International boarders are not immigrants, insist schools
Boarding schools have implored the government to remove the number of overseas pupils from net immigration figures.
The Boarding Schools Association (BSA) have, in an open letter to Immigration Minister Mark Harper, requested that foreign pupils boarding in the UK should not be included in net immigration figures.
The BSA claim that including these pupils in the figures could drive foreign students away by sending the message that they are ‘not wanted’.
The BSA represents 462 boarding schools, with about 73,000 pupils in both state and private sectors.

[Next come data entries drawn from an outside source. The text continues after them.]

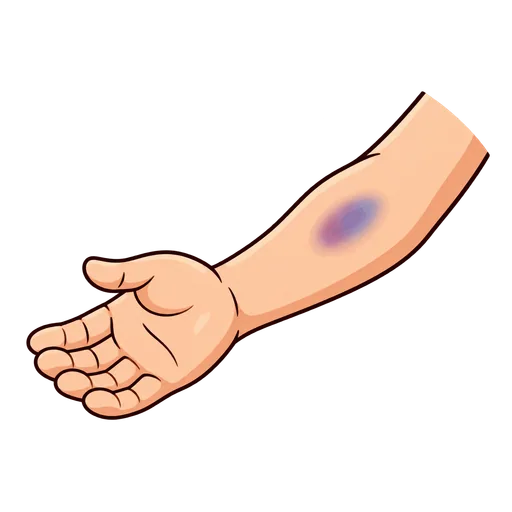 bruise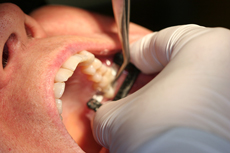 Fig. 1 Using the Black Diamond Strip, the mesial proximal contact is adjusted, and the crown sinks down to rest on the abutment. Because the periodontal membrane on a normal tooth allows for 0.10 mm of lateral movement and the Black Diamond Strip is only 0.07 mm ± 0.02 mm in thickness, the Strip is able to adjust and create perfect proximal contacts.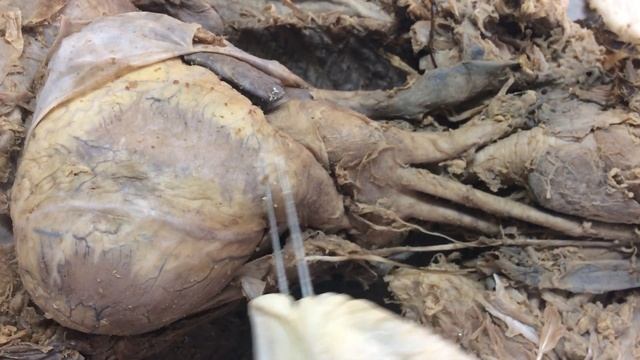 Pericardium And Transverse Sinus And Oblique Sinus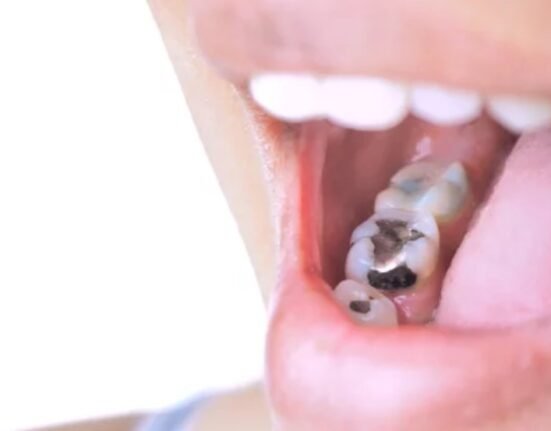 Amalgam Fillings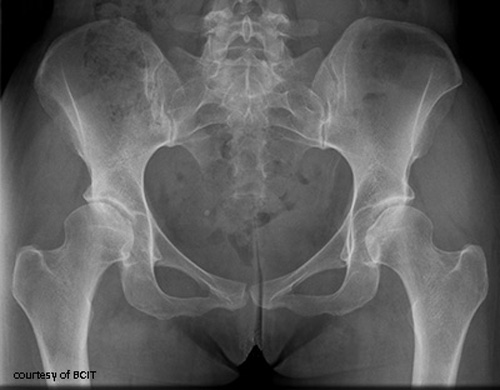 <p>What anatomical features make the pelvis structurally stable?</p>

According to their figures, overseas students brought in £510 million in school fees last year alone.
Mr Newton, a member of the BSA's national executive committee, said that branding these pupils immigrants would “damage valuable schools for whom international students are commercially vital, and to do serious harm to the British economy when it is already fragile."

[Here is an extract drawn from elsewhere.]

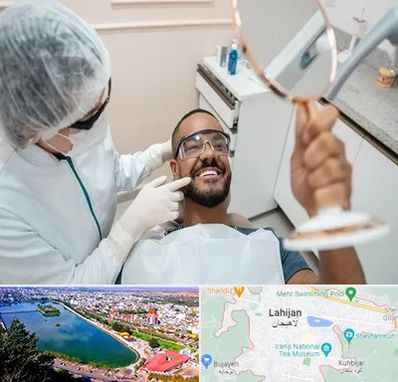 ایمپلنت فوری در لاهیجان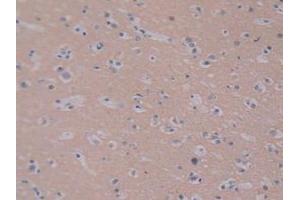 IHC-P analysis of Human Brain Tissue, with DAB staining. (PEBP1 antibody  (AA 2-187))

John Newton, of Taunton School, said that the pupils should be known as ‘temporary migrants’.
Two MPs' reports have already urged the government to reclassify international students to remove them from immigration figures.

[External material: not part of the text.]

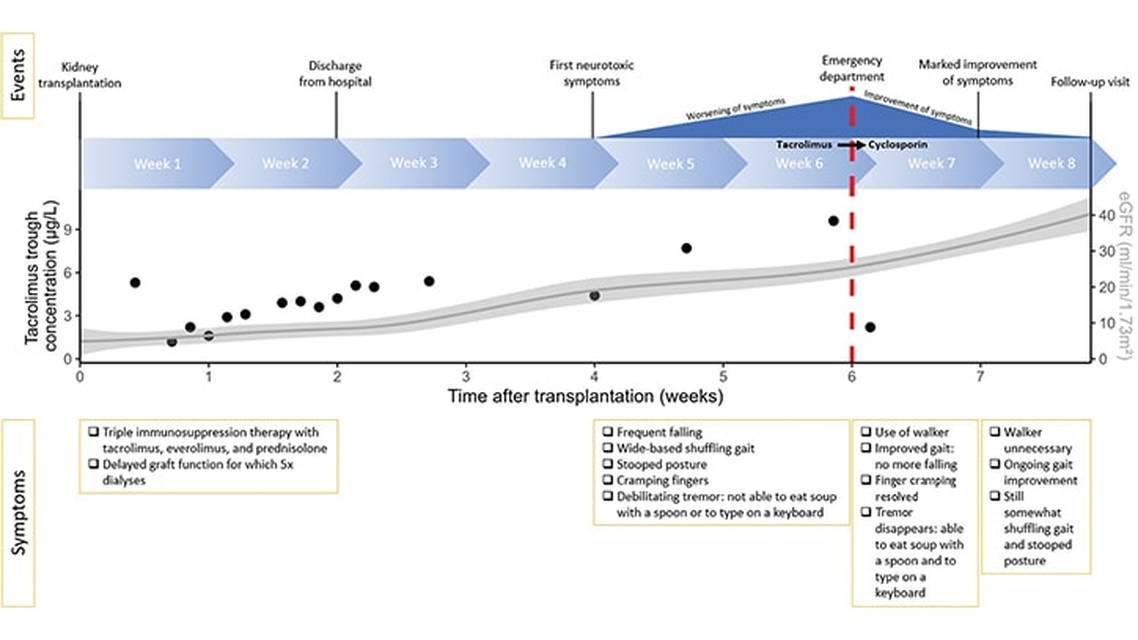 Severe Calcineurin Inhibitor Induced Parkinsonism After Kidney Transplantation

The government has said it wants to develop a new system of student migration in and out of the UK, but the debate has so far focused on university or college students.
Earlier this month, London Metropolitan University began legal proceedings to challenge a ban by the UK Border Agency (UKBA) on its recruitment of overseas students.
The UKBA claimed the university was not making proper checks on the students. The move was part of a crack-down on alleged abuse of the student visa system. London Met was the first university to lose its right to sponsor students from outside of the European Union for their visas.
A spokesman for UKBA countered by saying that altering the internationally agreed definition of a migrant could undermine public confidence in their statistics.
However, The Boarding Schools Association letter assures the minister; stating, "Ours is a safe sector as compliant as UKBA could wish, and our incoming students are as safe a category of student as you could devise."